:: Material provided ::

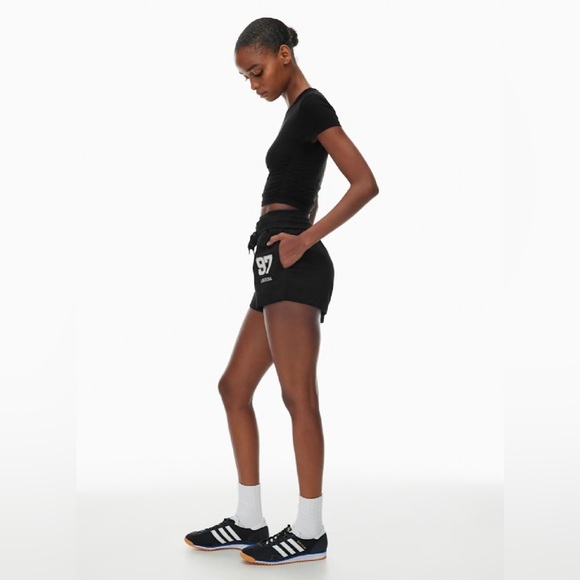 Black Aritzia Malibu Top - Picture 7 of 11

==

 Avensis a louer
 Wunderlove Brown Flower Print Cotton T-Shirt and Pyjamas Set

* * *

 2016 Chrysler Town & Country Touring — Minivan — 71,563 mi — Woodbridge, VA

:: Description of the task ::
Write out only the lines that run from the line containing "Avensis a louer" through the line containing "Wunderlove Brown Flower", both included, exactly as they appear above.

:: Your response ::
 Avensis a louer
 Wunderlove Brown Flower Print Cotton T-Shirt and Pyjamas Set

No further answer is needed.